Go through each line of the entries below and tally those containing the string "Plus"; give only the total.

(Caption-style text data)
▬▬▬▬▬▬▬▬▬▬

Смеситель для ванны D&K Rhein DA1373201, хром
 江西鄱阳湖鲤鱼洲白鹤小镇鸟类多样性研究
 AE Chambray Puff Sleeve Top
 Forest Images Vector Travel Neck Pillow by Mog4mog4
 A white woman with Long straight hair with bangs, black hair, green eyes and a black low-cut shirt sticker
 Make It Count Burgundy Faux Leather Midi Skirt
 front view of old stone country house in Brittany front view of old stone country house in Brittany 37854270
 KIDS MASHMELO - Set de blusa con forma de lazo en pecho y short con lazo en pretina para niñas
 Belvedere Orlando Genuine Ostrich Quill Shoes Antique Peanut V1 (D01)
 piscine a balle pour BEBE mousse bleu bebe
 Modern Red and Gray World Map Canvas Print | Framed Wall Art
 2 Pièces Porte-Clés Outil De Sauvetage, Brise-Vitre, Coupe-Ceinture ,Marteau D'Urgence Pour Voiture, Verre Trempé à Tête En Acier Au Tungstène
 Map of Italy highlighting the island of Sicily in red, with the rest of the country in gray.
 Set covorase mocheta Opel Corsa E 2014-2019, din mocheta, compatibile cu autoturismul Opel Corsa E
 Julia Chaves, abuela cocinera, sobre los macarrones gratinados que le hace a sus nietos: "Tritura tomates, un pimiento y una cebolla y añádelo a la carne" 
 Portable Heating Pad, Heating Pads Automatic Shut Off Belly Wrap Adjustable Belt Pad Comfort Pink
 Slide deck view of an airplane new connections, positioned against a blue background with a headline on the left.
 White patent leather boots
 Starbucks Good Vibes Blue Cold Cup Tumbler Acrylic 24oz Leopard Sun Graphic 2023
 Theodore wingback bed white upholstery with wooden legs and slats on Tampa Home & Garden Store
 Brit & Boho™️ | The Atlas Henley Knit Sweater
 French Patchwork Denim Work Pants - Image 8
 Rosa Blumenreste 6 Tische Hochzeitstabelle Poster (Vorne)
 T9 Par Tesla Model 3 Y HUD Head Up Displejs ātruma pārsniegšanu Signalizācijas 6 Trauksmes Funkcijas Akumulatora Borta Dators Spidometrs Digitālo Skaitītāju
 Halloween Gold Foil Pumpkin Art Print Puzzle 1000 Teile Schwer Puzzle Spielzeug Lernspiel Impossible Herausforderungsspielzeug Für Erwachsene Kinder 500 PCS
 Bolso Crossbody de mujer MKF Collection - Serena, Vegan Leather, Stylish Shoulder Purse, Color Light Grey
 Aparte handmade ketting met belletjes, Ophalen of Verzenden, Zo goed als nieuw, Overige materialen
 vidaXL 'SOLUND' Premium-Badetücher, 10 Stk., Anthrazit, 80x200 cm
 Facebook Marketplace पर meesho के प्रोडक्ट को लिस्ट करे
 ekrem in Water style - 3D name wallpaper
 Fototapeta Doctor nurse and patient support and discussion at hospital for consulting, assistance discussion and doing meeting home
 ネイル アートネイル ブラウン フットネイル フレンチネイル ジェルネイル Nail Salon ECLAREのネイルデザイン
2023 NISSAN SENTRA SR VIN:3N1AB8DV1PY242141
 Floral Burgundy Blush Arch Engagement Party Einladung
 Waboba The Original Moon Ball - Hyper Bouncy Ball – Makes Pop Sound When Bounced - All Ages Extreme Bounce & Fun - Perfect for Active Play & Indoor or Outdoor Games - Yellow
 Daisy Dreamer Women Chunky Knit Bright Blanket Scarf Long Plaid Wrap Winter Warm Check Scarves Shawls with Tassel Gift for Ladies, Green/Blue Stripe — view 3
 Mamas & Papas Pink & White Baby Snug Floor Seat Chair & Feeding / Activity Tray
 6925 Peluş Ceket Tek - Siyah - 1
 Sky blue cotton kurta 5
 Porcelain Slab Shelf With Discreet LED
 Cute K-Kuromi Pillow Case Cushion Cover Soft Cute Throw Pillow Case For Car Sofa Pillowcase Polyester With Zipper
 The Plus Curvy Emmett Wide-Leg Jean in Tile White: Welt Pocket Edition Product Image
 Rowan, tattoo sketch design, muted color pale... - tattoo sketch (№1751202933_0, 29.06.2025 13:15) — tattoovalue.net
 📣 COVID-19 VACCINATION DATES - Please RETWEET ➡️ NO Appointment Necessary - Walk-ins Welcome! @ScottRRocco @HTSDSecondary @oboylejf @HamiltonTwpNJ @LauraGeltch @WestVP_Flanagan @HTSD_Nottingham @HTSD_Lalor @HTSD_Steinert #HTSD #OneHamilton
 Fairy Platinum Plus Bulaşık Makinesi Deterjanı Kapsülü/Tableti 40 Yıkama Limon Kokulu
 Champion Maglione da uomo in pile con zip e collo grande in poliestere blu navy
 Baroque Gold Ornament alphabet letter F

▬▬▬▬▬▬▬▬▬▬

• [RESULT]
2